Va da sé, che impegnandosi a svolgere tale compito il governo italiano dovrebbe prepararsi ad una sostanziale revisione della propria politica estera, accentuando nel contesto europeo e atlantico le ragioni dei suoi legami secolari con il mondo arabo, senza che questo debba necessariamente intaccare le sue attuali buone relazioni con Israele. Anzi, sarebbe nello stesso interesse dello Stato ebraico che ci fosse in Europa una Italia capace di interloquire apertamente con i suoi vicini, guidata prevalentemente dal proposito di favorire la pacificazione di tutta la Regione.

Tuttavia, per rendere credibile tale linea di tendenza andrebbero messi da parte i funambolismi, che hanno sovente caratterizzato la nostra politica estera, e in modo particolare liquidate come irresponsabili le chiusure pregiudiziali, da qualsiasi lato dello schieramento politico provengano, che impediscono l'assunzione di questo ruolo di avanguardia dell'Italia in una Comunità grande e integrata. La quale avrebbe tutto l'interesse a dimostrare l'infondatezza delle diffidenze che nutre nei suoi confronti il mondo arabo.

Incamminandoci su questa strada non ci sarebbero "direttori" di sorta né "Unione dei pochi ma buoni" in grado di ridurci a potenza di rango inferiore. Chi altri potrebbe proporsi meglio di noi a fungere da effettiva cerniera tra Europa e Mediterraneo? Certo, non è un mandato facile da ottenere ed assolvere. Sono molti i pregiudizi e le gelosie da sconfiggere, ma il momento è favorevole. Dopo il fallimento, durante il semestre di presidenza italiana, della conferenza intergovernativa- che ha mancato l'obiettivo del varo della Costituzione europea principalmente perché ingabbiata in una sterile difesa di interessi nazionali- e dopo i tragici fatti di Madrid è normale attendersi che si diffonda la consapevolezza che, per far sentire il suo peso nello scacchiere mondiale, l'Europa deve rinunciare a calcoli di corto respiro. Basta, insomma, con i mercanteggiamenti dettati dalla volontà di questo o quel governo di imporre il proprio tornaconto. La ferrea logica del processo di globalizzazione impone comportamenti di ben altro spessore rispetto a quelle "cooperazioni rafforzate" che dovrebbero servire ad aggirare le più che prevedibili difficoltà dell'Unione allargata a 25. Simili espedienti sono per di più condannati a mostrare tutta la loro inefficacia di fronte al terribile propagarsi della piaga del terrorismo.

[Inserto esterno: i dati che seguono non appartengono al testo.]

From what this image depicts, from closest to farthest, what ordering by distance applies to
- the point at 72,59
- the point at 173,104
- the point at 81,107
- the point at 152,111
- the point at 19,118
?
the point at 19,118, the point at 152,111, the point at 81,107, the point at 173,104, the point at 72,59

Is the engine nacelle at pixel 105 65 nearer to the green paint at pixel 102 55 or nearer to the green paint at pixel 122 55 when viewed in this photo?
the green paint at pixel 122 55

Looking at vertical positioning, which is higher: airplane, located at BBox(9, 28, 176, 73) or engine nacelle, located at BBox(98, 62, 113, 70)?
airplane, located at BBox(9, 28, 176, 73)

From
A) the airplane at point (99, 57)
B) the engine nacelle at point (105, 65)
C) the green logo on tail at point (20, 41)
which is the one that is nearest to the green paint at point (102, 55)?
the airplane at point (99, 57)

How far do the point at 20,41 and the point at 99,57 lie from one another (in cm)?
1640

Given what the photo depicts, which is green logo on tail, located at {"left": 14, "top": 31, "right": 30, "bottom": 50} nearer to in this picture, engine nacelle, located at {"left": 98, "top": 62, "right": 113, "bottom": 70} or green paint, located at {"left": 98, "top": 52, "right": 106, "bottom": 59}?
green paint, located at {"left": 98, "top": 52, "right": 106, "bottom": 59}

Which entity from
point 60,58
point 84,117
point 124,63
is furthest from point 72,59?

Qualora prevalesse questa impostazione, allora si che nessuno avrebbe la forza e l'interesse di togliere all'Italia il posto in prima fila che le spetta. E non ci sarebbe bisogno di presentarsi col cappello in mano dinanzi a chi ci ha esclusi dal club degli "eletti" senza, per altro, alcuna certezza di vedercisi riammessi.